Fitbit's upgraded Charge 2 fitness wearables failed to stimulate upgrades during the holidays. Image source: Fitbit.

What happened

Shares of Fitbit (NYSE:FIT) tumbled on Monday after the fitness wearables company announced disappointing holiday-quarter results. Fitbit fell well short of its previous sales guidance, announced a reorganization that will see its workforce slashed, and predicted that sales in 2017 would suffer a steep decline. The stock was down about 12% at 11 a.m. EST.

So what

Fitbit sold 6.5 million devices during the fourth quarter, down from 8.2 million during the fourth quarter of 2015. Revenue is now expected to come in between $572 million and $580 million, well below the company's previous guidance range of $725 million to $750 million. Fitbit produced $711 million of revenue during the fourth quarter of 2015.

Fitbit expects a non-GAAP (generally accepted accounting principles) net loss between $0.51 and $0.56 per share for the fourth quarter. Previously, the company had guided for a profit between $0.14 and $0.18 per share. In an effort to reduce costs, Fitbit announced a reorganization with the goal of slashing its annual operating expenses by $200 million. Part of the plan involves laying off 110 employees, or roughly 6% of its workforce.

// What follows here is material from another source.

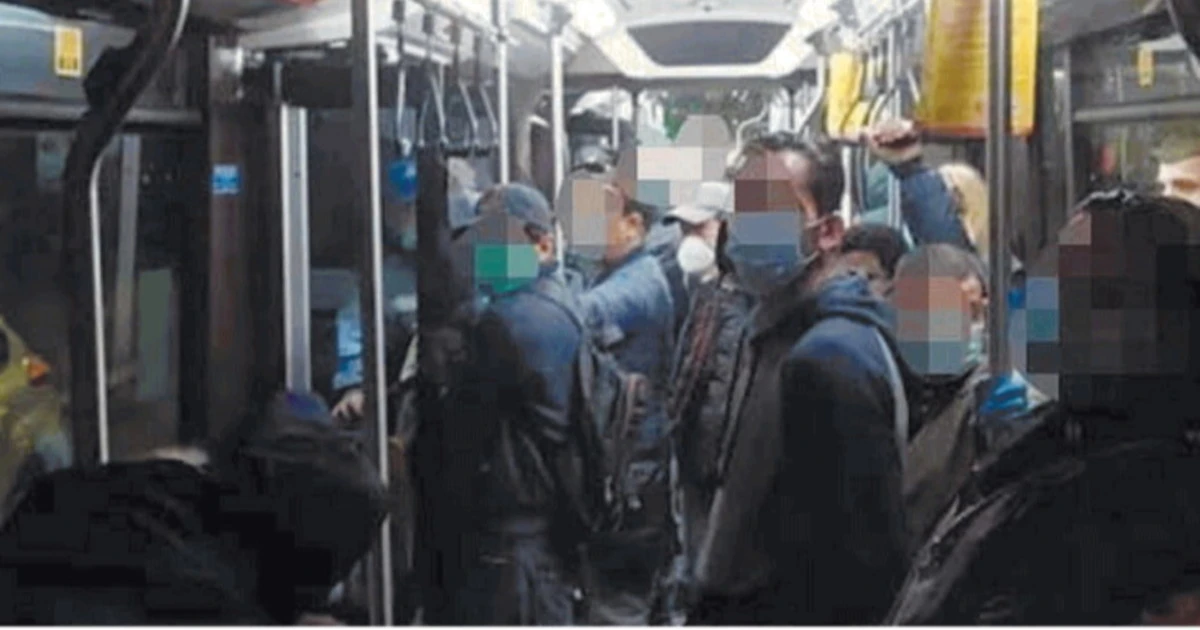 Fase 2, la foto-simbolo del disastro verso cui stiamo andando incontro: autobus pieno a Milano, nessuno scende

Fitbit CEO James Park believes that the company's problems are temporary:

To address this reduction in growth and what we believe is a temporary slowdown and transition period, we are taking clear steps to reduce operating costs. Looking forward, we believe Fitbit is in a unique position to stimulate new areas of demand by leveraging the data we collect to deliver a more personalized experience while developing upgraded versions of existing products and launching additional products to expand into new categories.

Now what

Despite Park's statement, Fitbit expects sales to drop considerably during 2017. The company guided for revenue between $1.5 billion and $1.7 billion, well below the $2.17 billion of revenue it now expects to report for 2016. This guidance also represents a decline from the $1.86 billion of revenue reported for 2015.

Along with lower revenue, Fitbit expects to produce a non-GAAP net loss between $0.22 and $0.44 per share this year. Free cash flow is also expected to turn negative, a loss between $50 million and $100 million. Park and CTO Eric Friedman, Fitbit's two co-founders, plan to reduce their 2017 salaries to $1 to reflect the company's struggles.

Fitbit's results now confirm that the company had major trouble convincing its existing installed base to upgrade to new models; sales fell off a cliff despite the company launching updates to its popular Charge and Flex products prior to the holidays. Fitbit will need to come up with something truly innovative in 2017 to drive revenue higher once again. Amid layoffs and cost cuts, the odds don't look good.